Petrus Muda, di rumahnya, merasa haus membuat kerongkongan kering. Ia mengambil segelas air putih melegakan kerongkongan.
Guntur dan kilat sambar menyambar. Petrus tak lekas kembali ke tempat tidur. Dia mengambil sebatang rokok putih membakar dan mengisapnya.
Rokok belum habis diisapnya, dentuman besar menimpa kamar mandi dan WC.
Sebongkah batu besar meluncur dari Gunung Lewotobi Laki-laki memorak-porandakan kamar mandi dan WC hingga rata dengan tanah.
Suara terjangan batu itu membangunkan istri dan anak-anak Petrus. Mereka hendak lari keluar dari kamar tidur. Petrus mencegah mereka tak boleh keluar.
“Itu (letusan) kejadian mungkin kurang 3 menit jam 12 (24.00 Wita),” kisah Petrus Muda tentang letusan Gunung Lewotobi Laki-laki, dihubungi Ekora NTT pada Selasa pagi, 5 November 2024.
Tak berselang lama, terjangan batu yang menerpa kamar mandi, meluncur batu kedua menerjang bangunan dapur.

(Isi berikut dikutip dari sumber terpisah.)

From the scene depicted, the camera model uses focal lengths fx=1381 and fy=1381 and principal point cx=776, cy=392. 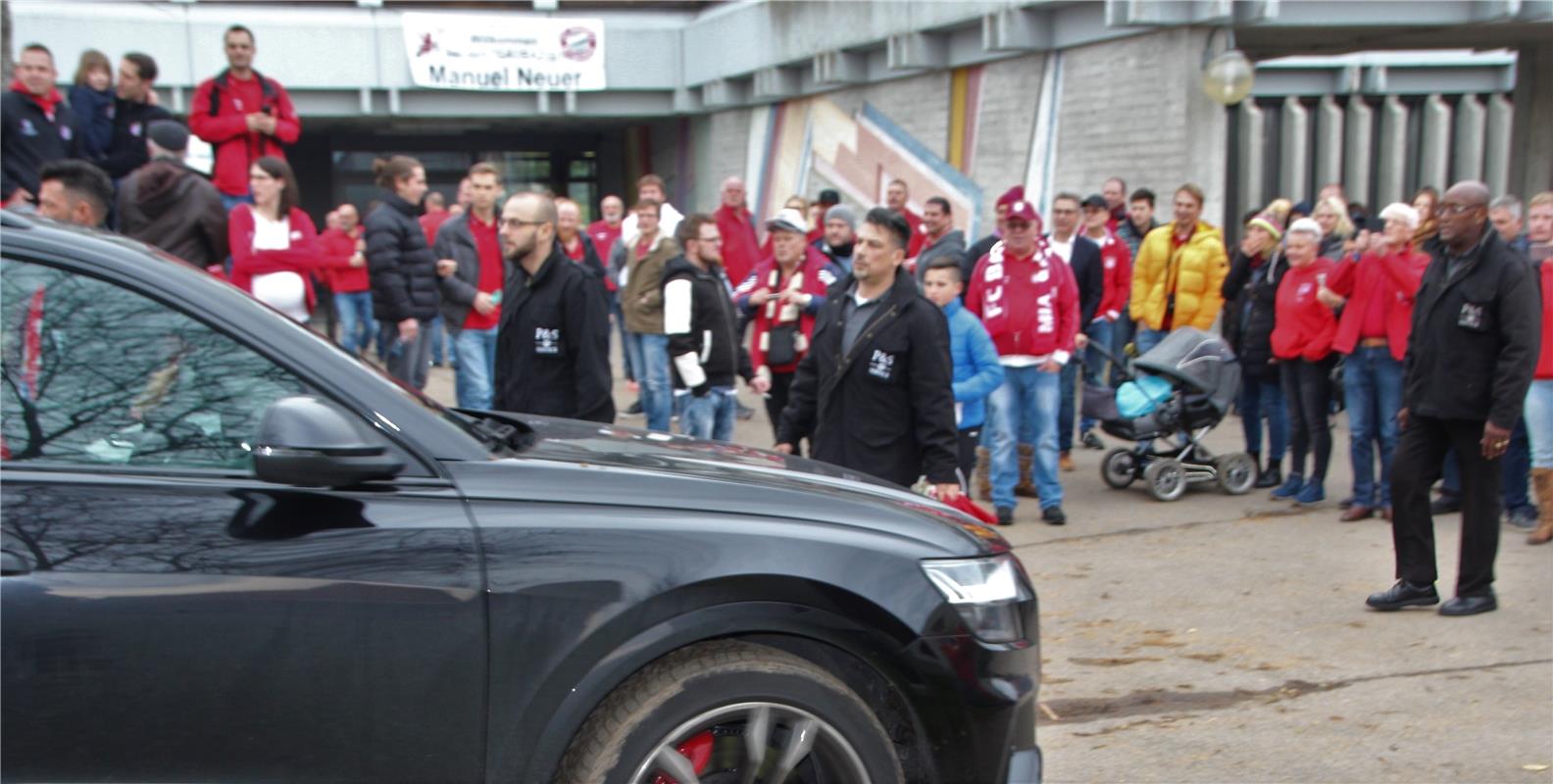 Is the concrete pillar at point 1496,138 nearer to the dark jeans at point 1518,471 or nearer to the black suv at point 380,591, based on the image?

“Batuan pijar. Saya lihat ke dapur menyala. Terus saya, istri dan anak, kami lari ke arah jalan aspal (Jalan Trans Flores, Maumere ke Larantuka) depan eks pabrik kopi. Saya teriak membangunkan orang-orang yang bisa dengar suara saya,” kata Petrus.

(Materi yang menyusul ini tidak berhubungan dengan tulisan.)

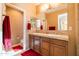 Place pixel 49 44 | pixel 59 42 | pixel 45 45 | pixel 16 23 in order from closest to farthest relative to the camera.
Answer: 1. pixel 59 42
2. pixel 49 44
3. pixel 45 45
4. pixel 16 23

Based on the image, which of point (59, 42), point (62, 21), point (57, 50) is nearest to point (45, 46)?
point (57, 50)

Situasi malam itu sangat mencekam. Kocar-kacir. Semua orang panik berlari menyelamatkan diri. Mereka menjauh mencari lokasi yang nyaman.

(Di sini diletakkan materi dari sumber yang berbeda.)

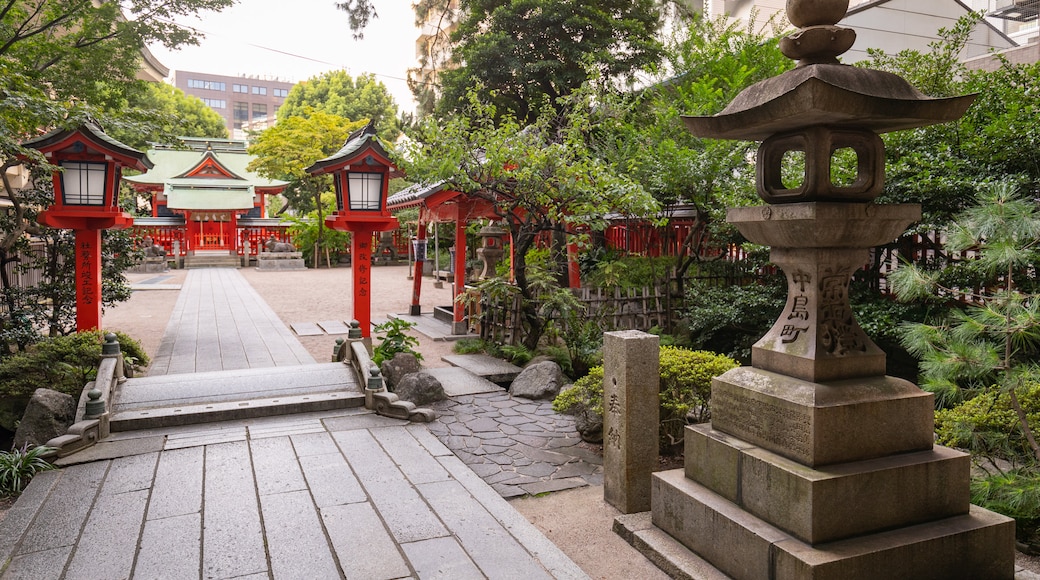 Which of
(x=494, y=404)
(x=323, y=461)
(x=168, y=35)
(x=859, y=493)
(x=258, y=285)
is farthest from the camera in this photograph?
(x=258, y=285)

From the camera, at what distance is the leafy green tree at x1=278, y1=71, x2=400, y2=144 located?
4075cm

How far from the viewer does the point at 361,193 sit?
9609 millimetres

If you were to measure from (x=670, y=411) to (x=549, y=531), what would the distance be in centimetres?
187

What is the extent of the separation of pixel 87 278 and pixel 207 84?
9739cm

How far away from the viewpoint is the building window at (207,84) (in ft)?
302

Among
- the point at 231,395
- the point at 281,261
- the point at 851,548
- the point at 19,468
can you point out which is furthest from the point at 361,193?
the point at 281,261

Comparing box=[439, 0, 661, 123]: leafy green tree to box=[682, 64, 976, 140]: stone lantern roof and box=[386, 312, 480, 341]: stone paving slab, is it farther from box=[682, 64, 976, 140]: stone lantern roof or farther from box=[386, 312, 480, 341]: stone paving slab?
box=[682, 64, 976, 140]: stone lantern roof

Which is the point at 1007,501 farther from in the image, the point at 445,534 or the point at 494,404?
the point at 494,404

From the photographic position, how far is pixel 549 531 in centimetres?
441

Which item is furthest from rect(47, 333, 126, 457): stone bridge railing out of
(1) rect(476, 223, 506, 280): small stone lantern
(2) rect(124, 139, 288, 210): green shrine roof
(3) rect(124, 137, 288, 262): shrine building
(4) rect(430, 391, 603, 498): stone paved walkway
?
(2) rect(124, 139, 288, 210): green shrine roof

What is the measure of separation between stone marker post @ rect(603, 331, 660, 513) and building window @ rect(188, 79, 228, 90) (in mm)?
102718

Petrus Muda minta tolong kepada Benya Kobun, warga setempat yang memiliki mobil supaya mengangkut warga menuju ke Boru.
Seorang anak muda (korban meninggal), Yohanes Witin lari ke luar rumah. Kakinya terkena pijaran batu sangat panas membuatnya tak berdaya.
Petrus Muda mengaku dirinya juga kebanyakan warga tak membayangkan atau tahu ada tanda-tanda alam akan datang letusan besar Gunung Lewotobi pada Minggu malam atau Senin dini hari.
Hanya guntur dan kilat terjadi silih berganti. Mungkin pada saat itulah terjadi letusan di gunung bersamaan hujan, guntur, dan kilat.
Desa Klatanlo, terdekat jaraknya sekitar 5 kilometer dari Gunung Lewotobi Laki-laki, paling besar terdampak letusan. Sebagian bangunan rumah warga rusak dan terbakar.
Total sembilan orang warga desa itu meninggal dunia. Satu rumah setengah tembok dihuni enam orang terdiri ayah, ibu, anak, anak mantu, dan cucu, ditimpa batu pijar dari gunung.
Batu pijar itu meledak mendorong rumah induk, sehingga sebagian korban tertimbun rumah dan batu dari gunung. Kejadian serupa menimpa Biara SSpS. Batu pijar jatuh menerjang bangunan tepat pada kamar tidur biarawati.
Sampai malam kedua pasca-musibah Minggu malam itu, 1.300-an jiwa dari 287 kepala keluarga asal Desa Klatanlo berada di pengungsian. Mereka tersebar di Boru, Bokang, Konga, Lewolaga dan sebagian ke Larantuka, ibukota Kabupaten Flores Timur.
Pada siang hari, sebagian warga datang ke kampung melihat keadaan rumah mereka dan pada malam hari tidur di lokasi penampungan pengungsi.
Selain Desa Klatanlo, lima desa lain di Kecamatan Wulanggitang juga turut terdampak letusan yakni Pululera, Nawakote, Hokeng Jaya, Boru, dan Desa Boru Kedang. Sedangkan di Kecamatan Ile Bura terdampak pada Desa Dulipali, Nobo, Nurabelen dan Desa Riang Rita.